> Action item: Could you output the listing that follows exactly, without its images?

> Data block:

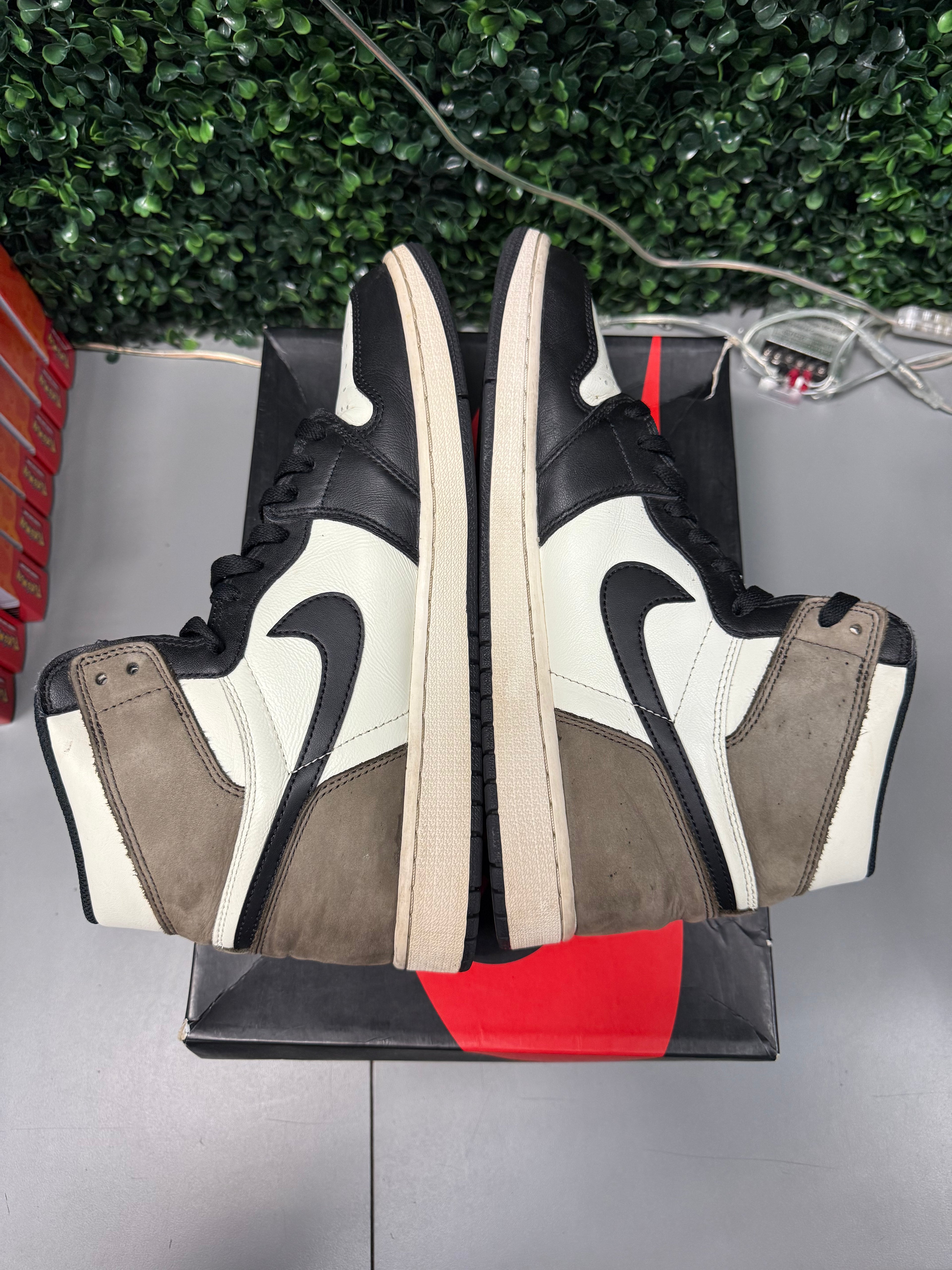 Jordan 1 High " Mocha" Size 12.5 Preowned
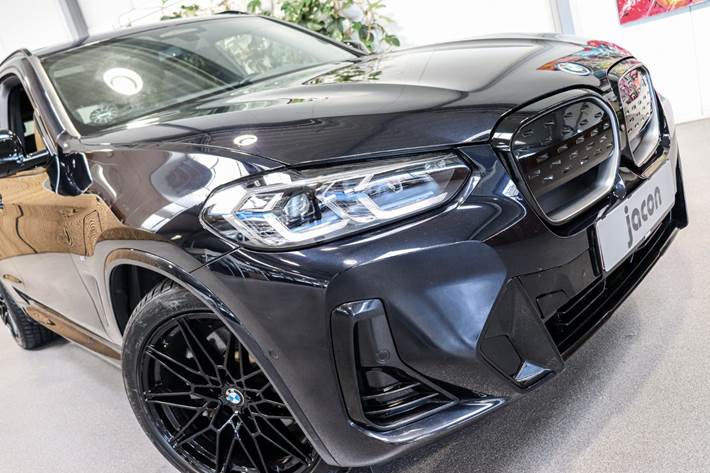 Sort BMW iX3 fra 2023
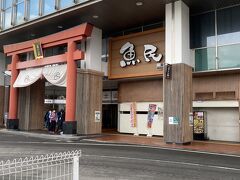 この駅にも大月駅のように鳥居アリ。しかもデカい！！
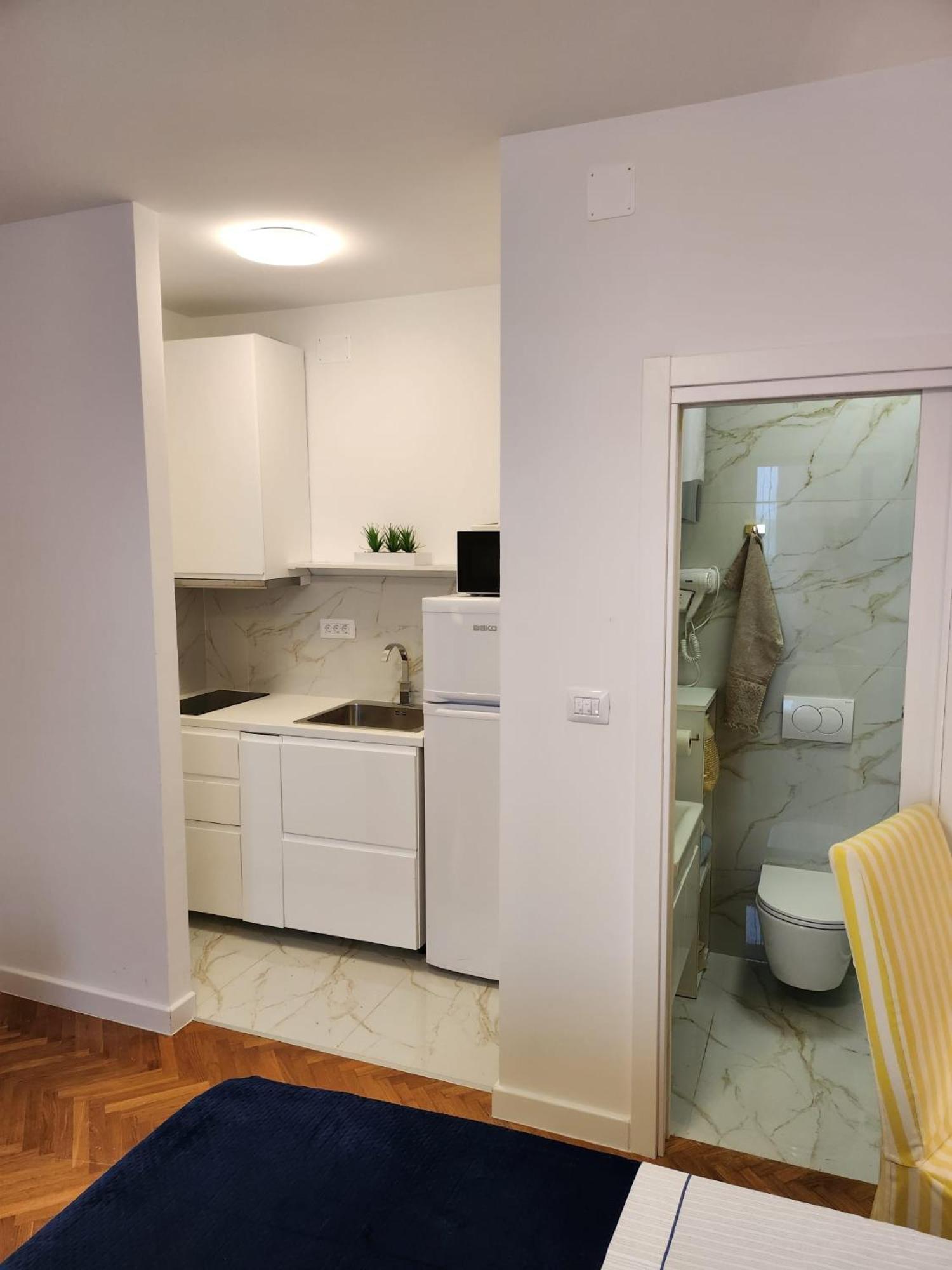 Vila Dora - Studio Dora Мартиншчица Экстерьер фото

> Exercise result:
 Jordan 1 High " Mocha" Size 12.5 Preowned
 Sort BMW iX3 fra 2023
 この駅にも大月駅のように鳥居アリ。しかもデカい！！
 Vila Dora - Studio Dora Мартиншчица Экстерьер фото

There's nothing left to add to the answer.